Queste emergenze vengono citate solo per giustificare la loro permanenza al potere ma non sono viste davvero. Perché se riuscissero davvero a “sentirle”, i nostri politici, in maggioranza assoluta uomini, smetterebbero di fondare mini partiti dagli imbarazzanti nomi inneggianti al futuro. Forse capirebbero che rappresentare e risolvere tutti questi problemi non è neanche più possibile, tanto sono immensi. Forse farebbero un passo indietro, forse lascerebbero il posto ai più giovani. Così non sarà.
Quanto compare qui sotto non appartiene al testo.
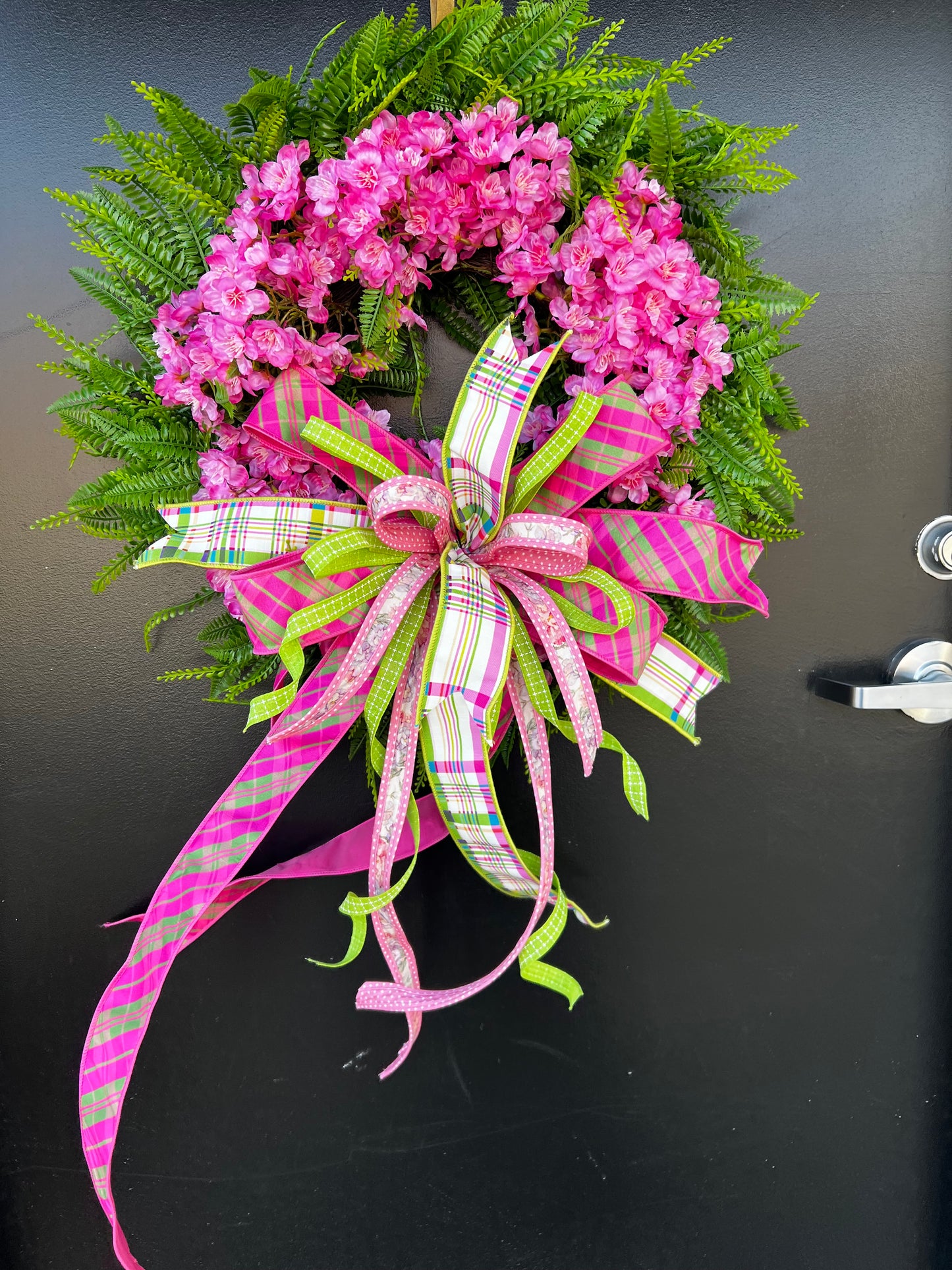 Beaded Cherry Blossom Wreath
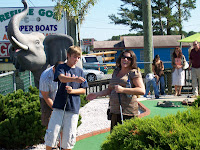 and then putt-putt...doesn't sharon look great?!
Quel ricambio generazionale e di genere che solo potrebbe salvarci

Ci apprestiamo invece a vivere una tra le peggiori campagne elettorali, tanto che già si vedono i politici cominciare a lanciare slogan assurdi e falsi, come quello di Berlusconi sulle pensioni, mentre fuori l’Italia brucia, letteralmente e metaforicamente. Assisteremo a lunghissimi e inutili talk show dove giornalisti che vivono esclusivamente di aria condizionata discetteranno ancora e ancora di politica. Poi, forse, nel peggiore dei casi avremo un governo di centro-destra capace di distruggere anche quel minimo di transizione ecologica che si stava facendo, una letterale catastrofe. Oppure, nel “migliore” dei casi, ammesso che abbiano i numeri che al momento non ci sono, ci saranno i soliti partiti che, in nome della responsabilità, cercheranno di mettersi indietro e formare un governo “per il bene del paese”: Pd, centristi, altri transfughi dei 5Stelle e della destra. E proveranno ad andare avanti ancora, in nome di una vaga agenda comune che non esiste, senza vedere, senza sentire, magari di nuovo cercando un leader carismatico che possa tenerli insieme per dare una giustificazione all’ennesimo scippo di democrazia.

Che sia Draghi, che sia un’altra personalità autorevole non cambia. Perché il problema restano i partiti. Che sono morti ma non accettano di esserlo, rimandando quel ricambio - anche generazionale, anche di genere - che solo potrebbe dare una speranza reale all’Italia.